Reconstrução de Santo Antônio de Pádua Foto: Reprodução Cícero Moraes |
3 — Em 2018, o senhor modelou uma face que seria mais compatível com o “verdadeiro” Jesus de Nazaré, que teve ampla repercussão nacional. Na época, muitas pessoas criticaram o trabalho, em virtude da aparência do profeta. Como o senhor reagiu a essa polêmica?
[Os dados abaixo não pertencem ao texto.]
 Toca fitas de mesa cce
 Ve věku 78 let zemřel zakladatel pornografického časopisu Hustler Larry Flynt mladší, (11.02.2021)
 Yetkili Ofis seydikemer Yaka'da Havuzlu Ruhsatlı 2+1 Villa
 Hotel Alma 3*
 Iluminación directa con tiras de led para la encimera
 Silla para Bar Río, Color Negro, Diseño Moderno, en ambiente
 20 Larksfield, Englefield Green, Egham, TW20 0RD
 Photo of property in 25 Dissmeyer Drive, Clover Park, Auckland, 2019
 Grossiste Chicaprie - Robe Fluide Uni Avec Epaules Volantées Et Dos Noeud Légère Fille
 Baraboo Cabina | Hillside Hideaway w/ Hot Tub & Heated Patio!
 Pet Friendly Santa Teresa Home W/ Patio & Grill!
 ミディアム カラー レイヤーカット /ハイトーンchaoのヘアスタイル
O que aconteceu foi muito simples: aquilo não era uma reconstrução exata de Jesus Cristo. O que eu fiz foi simplesmente reunir vários registros de pessoas da região em que ele viveu, além de uma série de imagens e dados onde se passaram os episódios do Novo Testamento. Esse trabalho foi uma parceria com o repórter da rede inglesa BBC Edison Veiga, que estava escrevendo uma reportagem sobre Jesus. As pessoas têm uma ideia de Jesus europeizada, com aquele aspecto de pele clara e olhos claros. Jesus é um conceito. É difícil conseguir localizá-lo historicamente. Nesse caso, não fiquei incomodado com os ataques que recebi. Era divertido acompanhar o que as pessoas falavam, porque isso se tornou um debate. Geralmente eu sou contratado por museus, principalmente os europeus, para fazer reconstruções. Eles mandam um crânio puro, ou seja, sem informações sobre a figura histórica daquela estrutura. Basicamente, os historiadores me passam três informações: o sexo, a idade e a ancestralidade daquele crânio. Em seguida, faço a reconstrução sem nenhum viés. Somente depois que termino meu ofício é que eles me informam quem eu reconstruí. Em alguns casos, sei de quem se trata, mas quase todas as figuras históricas que eu trabalho não são fotografadas. A reconstrução do próprio Santo Antônio foi assim.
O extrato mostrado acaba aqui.